NEW YORK (Reuters) - The roll-out of a new program to limit wild price swings in publicly traded securities triggered dozens of trading halts on Monday as highly illiquid names were phased into the program.
By the session’s end, 48 exchange-traded products (ETPs) had been halted or paused on NYSE Arca, a unit of exchange operator NYSE Euronext, according to trading information provided by exchange operator Nasdaq OMX Group Inc.
Seven other securities were halted on Nasdaq.
About 570 securities were rolled out on NYSE Arca as part of the second phase of the “Limit UP, Limit Down” program, which was approved by the Securities and Exchange Commission last year.
A trading halt is triggered if a price rises or falls more than 5 percent over a five-minute span for the most heavily traded shares, composed mostly of securities with a market cap of about $1.8 billion or greater.
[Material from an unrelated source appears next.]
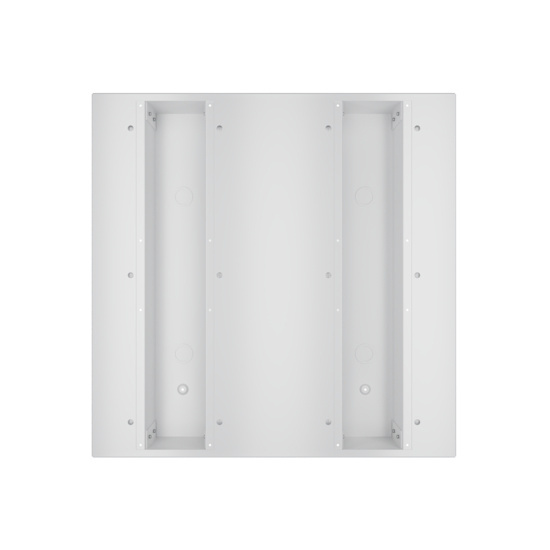 Front view of a 24-inch by 24-inch multi service electrical ceiling panel with two recessed service channels.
The second phase of the program, with the price band widening to 10 percent to trigger a halt, includes more illiquid stocks, some of which do not trade on many days.
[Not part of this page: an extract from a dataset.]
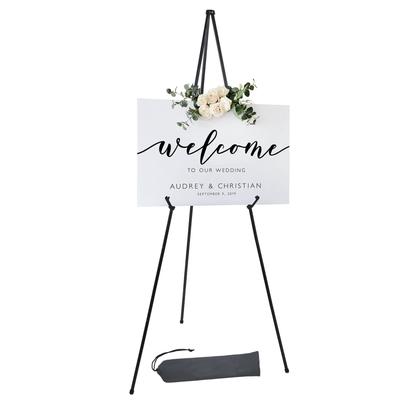 "TEMU Contemporary Metal Easel, 63"" Foldable Tripod For Display & Weddings, Adjustable Portable For Paintings & Signs, 5lbs Capacity With Carry Bag"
A NYSE Euronext spokeswoman said the new program was in its initial phase of an expanded universe of ETPs. She said the exchange was working within established guidelines and would explore the trading limits with regulators and other exchanges.
NYSE Arca accounts for about 90 percent of ETPs, a reason why so many of the trading halts occurred on its platform.
The SEC declined to comment.
The spread between the bid and offer price of an illiquid ETP can be so wide it will readily trigger a trading halt under the new program, said Dennis Dick, a proprietary trader in Detroit at Las Vegas-based Bright Trading LLC.
“In some cases even a small-sized order could be enough to cause the price band threshold to be exceeded, which would trigger a trading pause,” Dick added.